間違いこそ個性

 正しい人生を歩もう。過去にも未来にも一度も罪を犯さず、豊かな毎日を繰り返して清潔な病院で生涯を閉じよう。という価値観が良いか悪いかはわからない。正しい生活の中に、美味いもん食いたい、好みの異性と過ごしたい、とかもある。異性というと適切でなく、好みの人間と言うべきか。

 あらゆるストレスが世の中から消えたら人は幸せになるのだろうか。嫌いな人間がいない世界の中で好きな人間に出会えるのだろうか。わからない。

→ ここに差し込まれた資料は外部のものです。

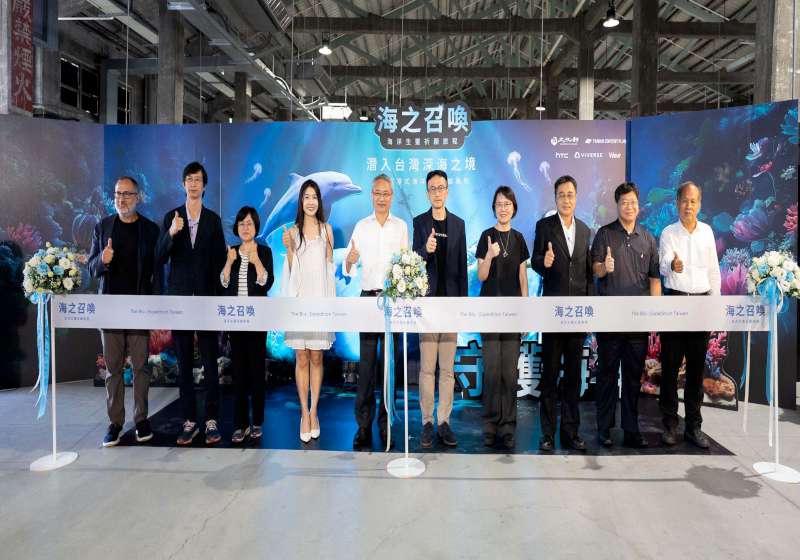 跨國消費性電子產品商攜手國際團隊 打造海洋延展實境海之召喚進駐高雄棧7之2庫
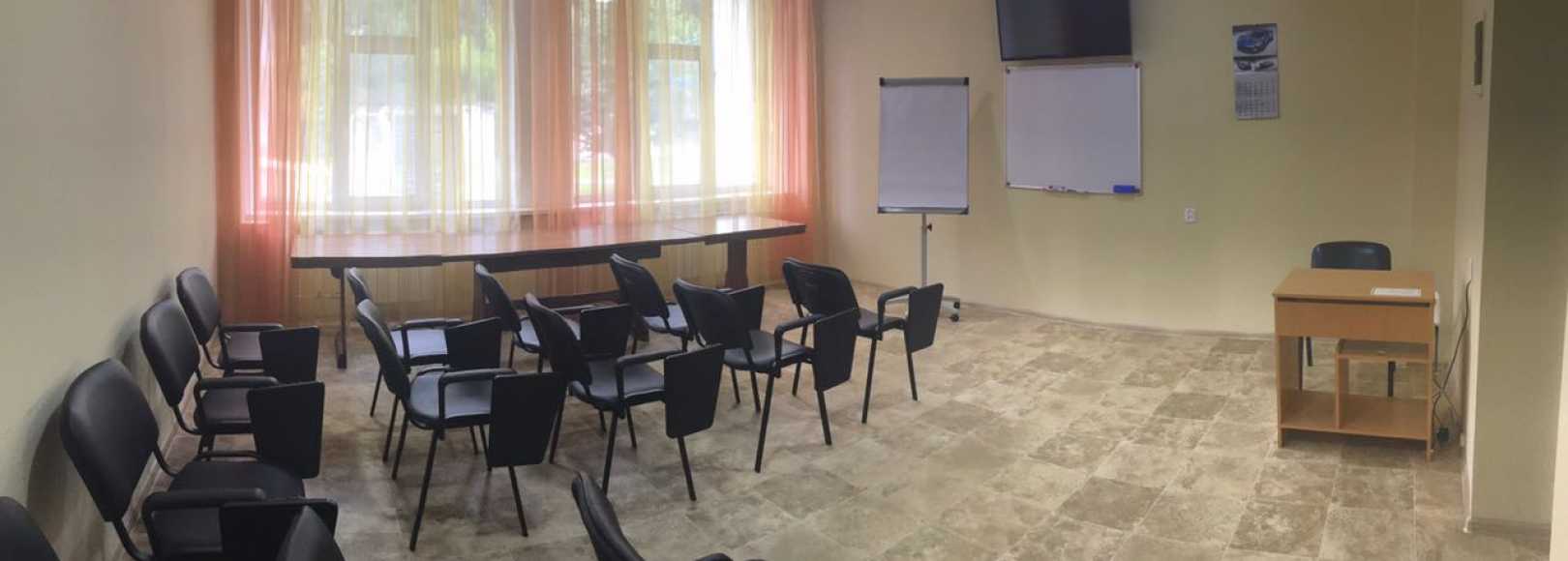 Фотография конференц-зала Конференц-зал санатория-профилактория Чистый ключ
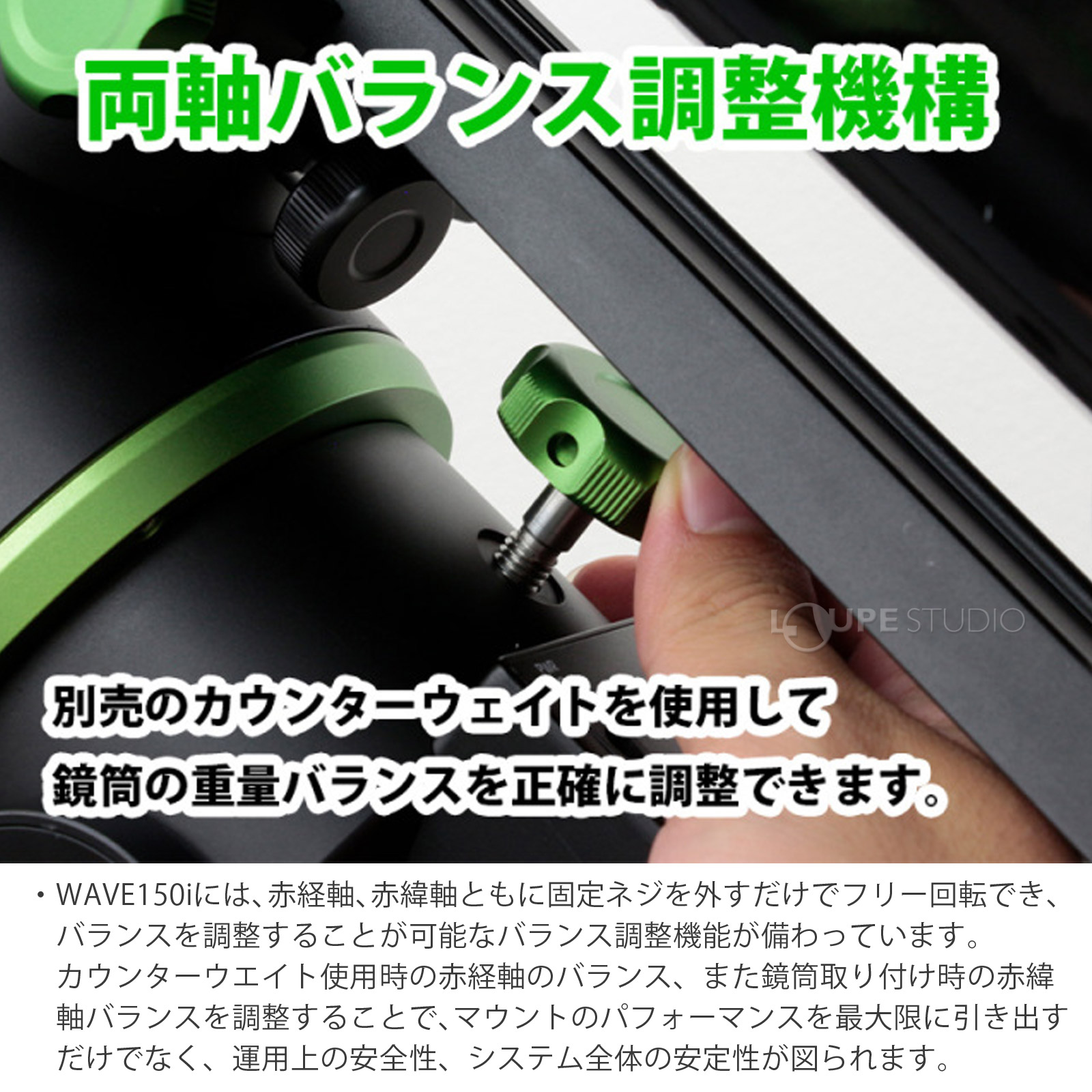 両軸バランス調整機構 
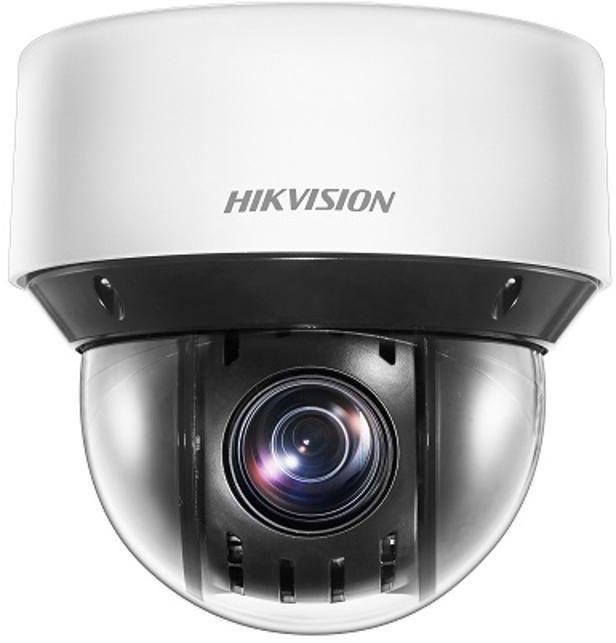 Камера видеонаблюдения IP Hikvision DS-2DE4A425IWG-E 4.8-120мм цв. - фото 1 - id-p214922025
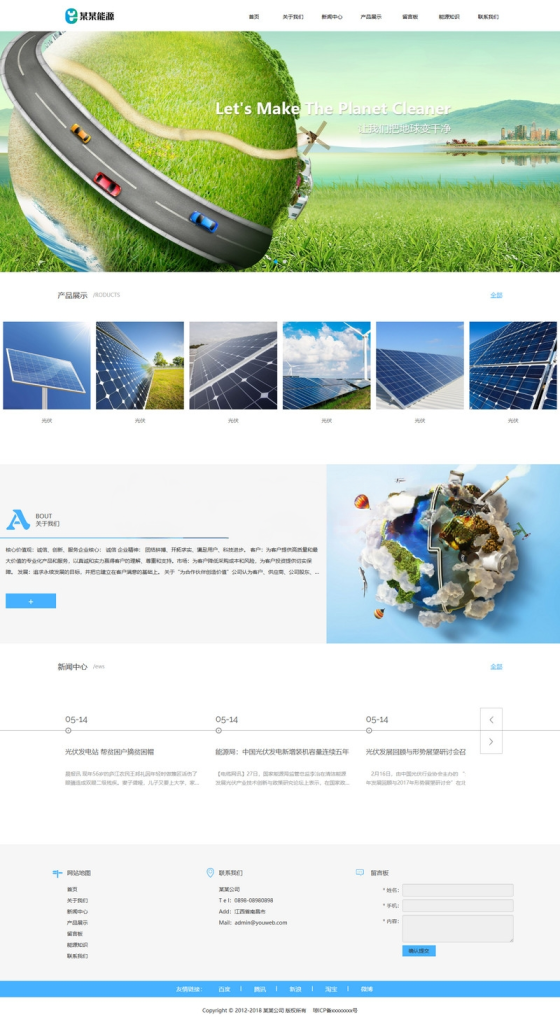 图片[1]-Eyou Cms响应式新能源清洁能源公司网站模板-51源码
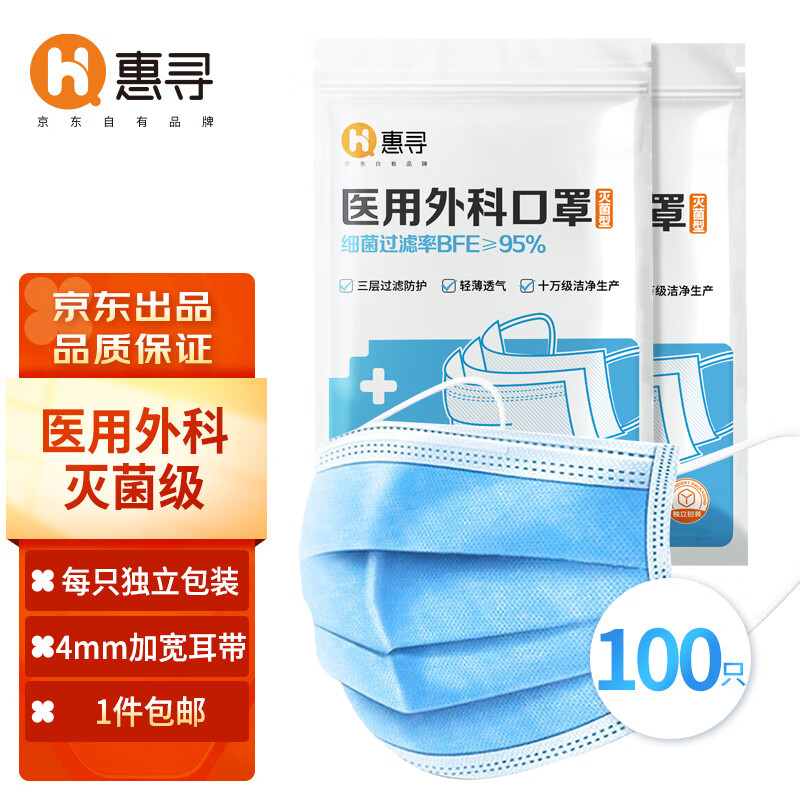 惠寻京东自营旗舰店口罩100只——价格实惠、品质可靠!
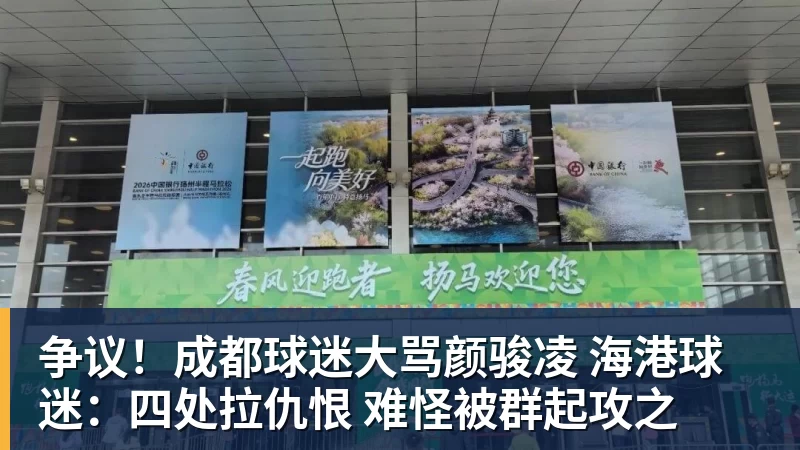 争议!成都球迷大骂颜骏凌 海港球迷:四处拉仇恨 难怪被群起攻之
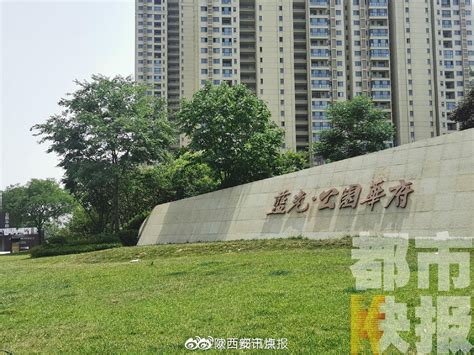 西安 西安一小区楼下搭起水泥“围墙” 公共绿地成“私人用地”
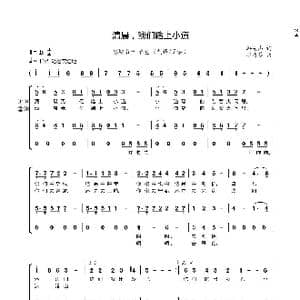 清晨,我们踏上小道_歌曲简谱_词曲:韩先杰 谷建芬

 正しい生活とは、結局は頭の中にある矢印のことな気もする。人間は働かないと生きていけないが、ブラックでない正しい仕事は一種類ではなく、実際に行う作業は幾千通りもある。

 正解の人生がなんであるかはわからないし、あの時あれで良かったのだろうかと思うことはあるけれども、選択を間違った数だけ人はテンプレートから離れて自分だけの面白い人生を歩めるのではないか。正しい芸術も正しい人生もない。実際に真ん中にあるのは真っ黒な空洞だけだろう。

 円の中心から離れすぎるとそこもまた薄暗いので真ん中を目指してぐるぐる回りながらなんか言うてるくらいがちょうどいいのかもしれない。